È terribile che i fatti descritti siano – purtroppo – realtà. È terribile che i bambini – sia i carnefici sia

le stesse vittime – crescano con una mentalità deformata in cui la violenza è all’ordine del giorno 

e la vita – la propria e quella degli altri – non conta nulla. Si tratta di un’infanzia senza sogni, senza gioco, senza diritti, in cui bisogna già dimostrare di essere “adulti” imbracciando un fucile. Penso che

le pagine del libro dedicate alle storie di questi

boss ragazzini siano tra le più strazianti, un vero e proprio grido d’aiuto ad aprire gli occhi su una

realtà disumana e troppo spesso dimenticata.

 

Sono numerosi i telefilm e i videogiochi ispirati al mondo della criminalità. Secondo te, il "Sistema" camorristico vive anche grazie ai mass media che "legalizzano" i sentimenti degli assassini?

Purtroppo il male esercita ancora un grande “fascino”: il cattivo, nella realtà come nel fantasy, viene presentato spesso come un uomo di

successo, una persona realizzata e soddisfatta,

non importa a quale prezzo e a costo di quali

crimini e soprusi. E tanti approfittano, magari, di contesti di evasione e di gioco, come può essere

un telefilm o un videogame, per abbandonare i

freni inibitori dei propri principi e valori umani, etici, morali, e dare libero sfogo agli istinti più biechi (all’aggressività, alla prepotenza), per indossare, almeno per finta, i panni del boss di turno. Sono sentimenti comuni e anche molto pericolosi.

 

La realtà rivelata da Saviano è fedele ai fatti o enfatizzata?

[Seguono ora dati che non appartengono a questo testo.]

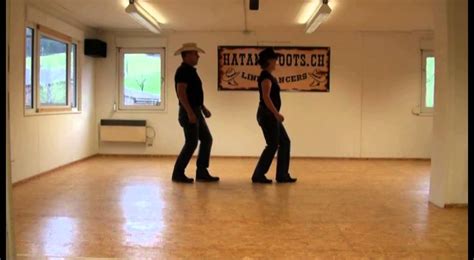 Wagon Wheel Rock Line Dance Youtube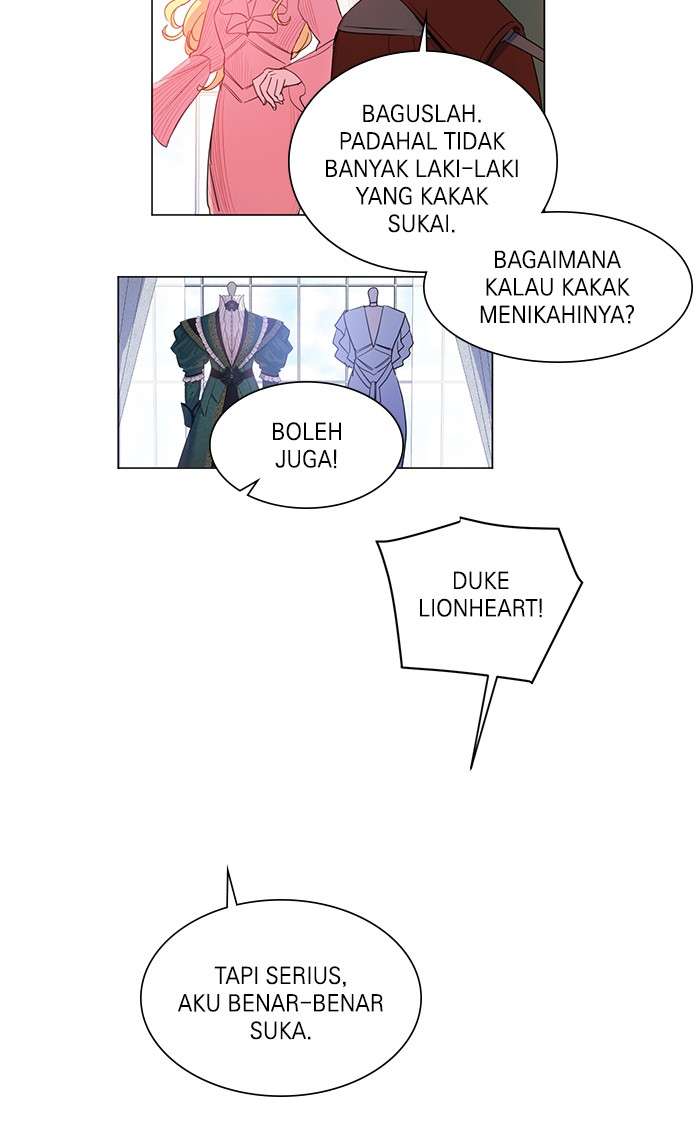 Queen Cecia’s Shorts Chapter 9 Gambar 27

“Gomorra” è, comunque, un romanzo. Un romanzo che racconta la realtà, una realtà che non esiste

solo nei quartieri più abbandonati dell’hinterland napoletano e casertano, una realtà ramificata geograficamente e - cosa ancora più grave –

radicata nella mentalità e nella cultura. È un

romanzo e, come tale, intreccia storie e situazioni, legate dal filo conduttore dello sguardo dell’autore, che ne è  – allo stesso tempo  - protagonista. Ad

un romanzo non si può chiedere la “fedeltà” di un documentario, di un’inchiesta giornalistica o di un’istruttoria giudiziaria. È sicuramente una

denuncia, un invito accorato ad aprire gli occhi, a

non mettere la testa sotto la sabbia e pensare che queste situazioni siano così lontane ed irrilevanti

per la nostra semplice e tranquilla vita quotidiana.

 

Cosa manca in questo romanzo? Elementi stilistici, aspetti analizzati, parzialità del fenomeno descritto.

Secondo me non manca nulla, anzi…

probabilmente c’è anche troppo in questo romanzo!

In alcuni tratti si possono riscontrare elenchi eccessivamente lunghi di nomi e di date, o descrizioni troppo minuziose e particolareggiate di luoghi e situazioni… ma, ciononostante, lo stile di Saviano resta scorrevole ed avvincente.

 

Quali differenze noti tra il verismo di Gomorra e le vicende romanzesche dell'opera "The Godfather"

di Mario Puzo?

Lo stile è ovviamente diverso: in “Gomorra” manca l’intento caricaturistico de “Il padrino”, che risente

del “gusto” americano. In Gomorra non ci sono

molto dialoghi o commenti didascalici: sono i fatti stessi a parlare, nella loro gravità e spietatezza.

 

Può la lotta alla criminalità passare attraverso un "fenomeno letterario"?

Sicuramente un libro, soprattutto un best-seller

dal successo mondiale come “Gomorra”, può contribuire a segnalare il problema e a consigliare

un cambio di mentalità. La lotta alla criminalità

passa e si trasmette attraverso la cultura. Ma

non solo. Passa anche attraverso la testimonianza personale. E penso che la vicenda personale di Saviano, il suo vivere sotto scorta a causa delle minacce subite (proprio a causa delle denunce contenute nei suoi libri), attribuisca alle sue opere

un valore aggiunto.

 

In definitiva, pensi che le accuse di Saviano costituiscano un valido contributo alla causa di Falcone e Borsellino, o una mera spettacolarizzazione del fenomeno? Quanto

l'autore ha contribuito a generare, di contro, un insano interesse per il mondo della Mafia?

Falcone e Borsellino erano magistrati e hanno combattuto la mafia con quanto era di loro competenza: indagini accurate e requisitorie appassionate. Saviano è uno scrittore e, perciò,

usa ciò che sa fare meglio: scrivere. Lo spirito

critico del lettore deve fare il resto: un libro può rimanere lettera morta ed impolverarsi su uno

scaffale o generare interesse e suscitare

interrogativi, dibattiti… A quel punto, però, il “compito” dello scrittore è esaurito e… tocca al lettore!